▸ **EXERCISE DESCRIPTION**: Could you write out the listing below exactly as it stands, leaving out the pictures?

▸ **SUPPLIED RECORDS**:
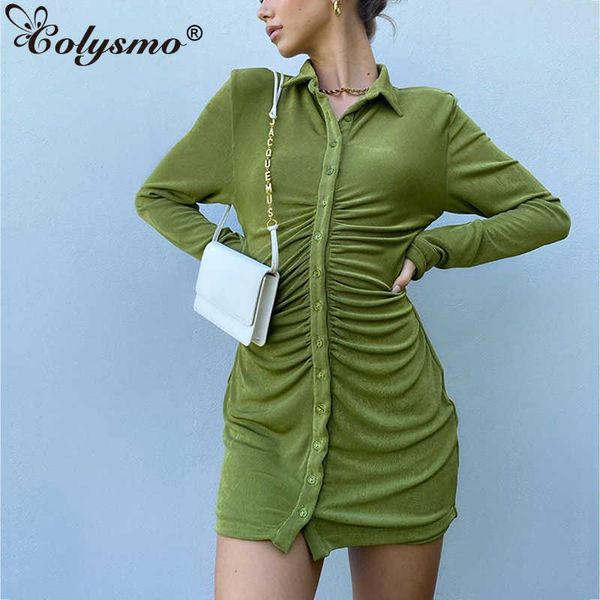 colysmo orange shirt dress button solid color ruched lapel cardigan long sleeve dresses autumn women casual party wear 210527, Black;gray
colysmo orange shirt dress button solid color ruched lapel cardigan long sleeve dresses autumn women casual party wear 210527, Black;gray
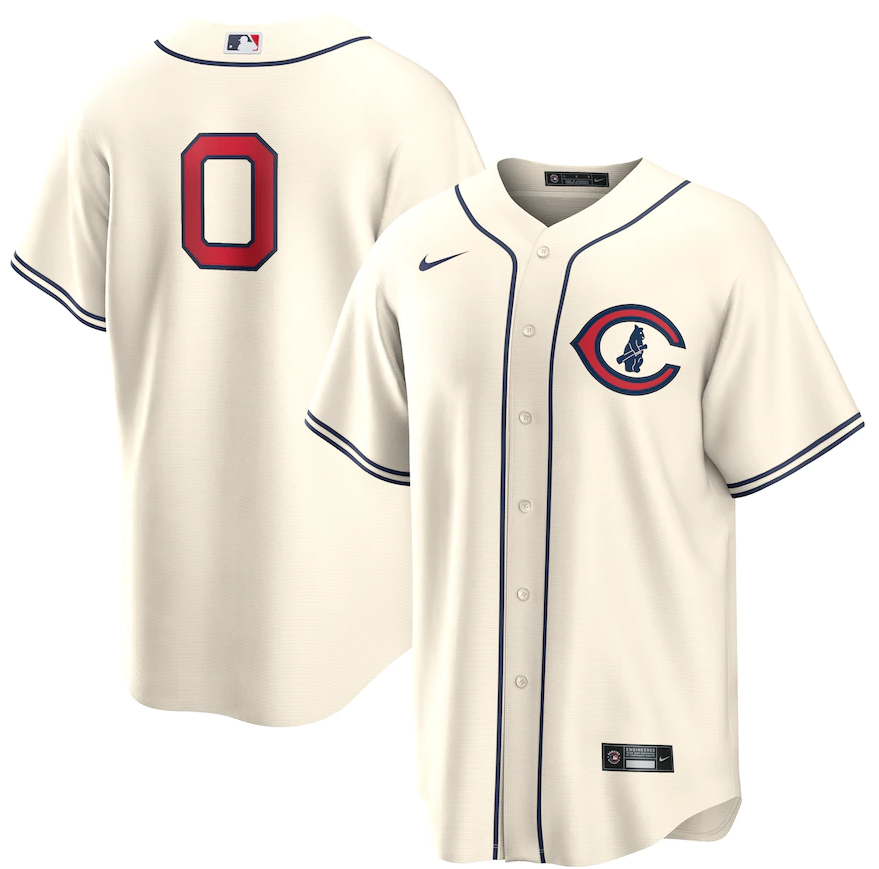 Men's Chicago Cubs #0 Marcus Stroman 2022 Cream Field Of Dreams Cool Base Stitched Baseball Jersey Men's Chicago Cubs #0 Marcus Stroman 2022 Cream Field Of Dreams Cool Base Stitched Baseball Jersey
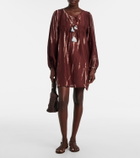 Anna Kosturova Hailey tie-dye silk minidress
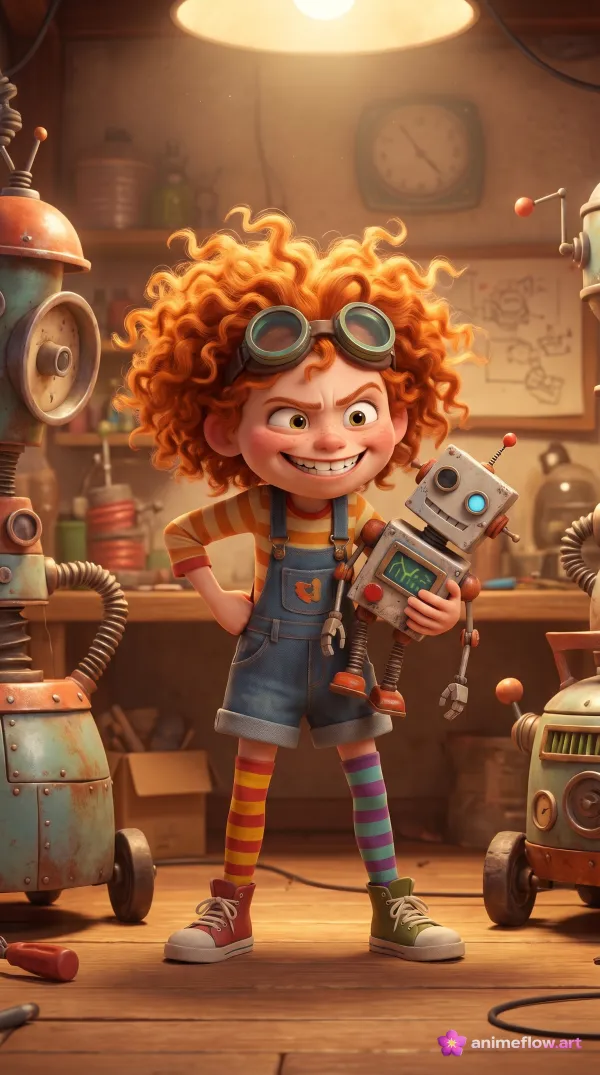 Whimsical Inventor Girl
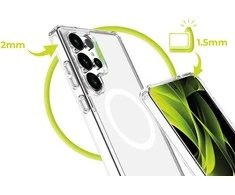 Cases And Covers Alza Mobile Origin Lengvas dėklas, MagSafe, skaidrus - Samsung Galaxy S25 Ultra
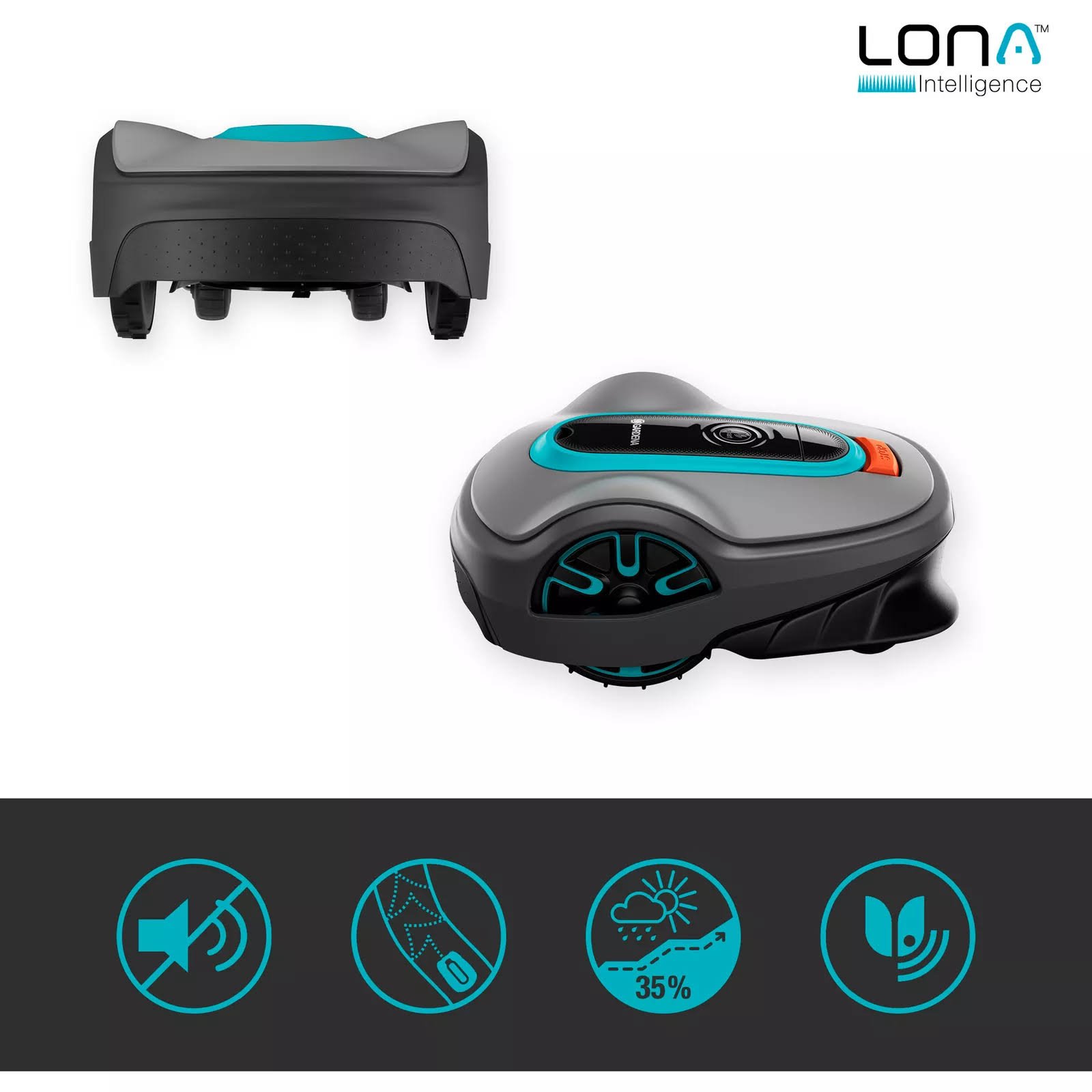 Tondeuse robot Gardena smart Sileno Life Set 1000 – 19702-60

▸ **WRITTEN REPLY**:
 colysmo orange shirt dress button solid color ruched lapel cardigan long sleeve dresses autumn women casual party wear 210527, Black;gray
colysmo orange shirt dress button solid color ruched lapel cardigan long sleeve dresses autumn women casual party wear 210527, Black;gray
 Men's Chicago Cubs #0 Marcus Stroman 2022 Cream Field Of Dreams Cool Base Stitched Baseball Jersey Men's Chicago Cubs #0 Marcus Stroman 2022 Cream Field Of Dreams Cool Base Stitched Baseball Jersey
 Anna Kosturova Hailey tie-dye silk minidress
 Whimsical Inventor Girl
 Cases And Covers Alza Mobile Origin Lengvas dėklas, MagSafe, skaidrus - Samsung Galaxy S25 Ultra
 Tondeuse robot Gardena smart Sileno Life Set 1000 – 19702-60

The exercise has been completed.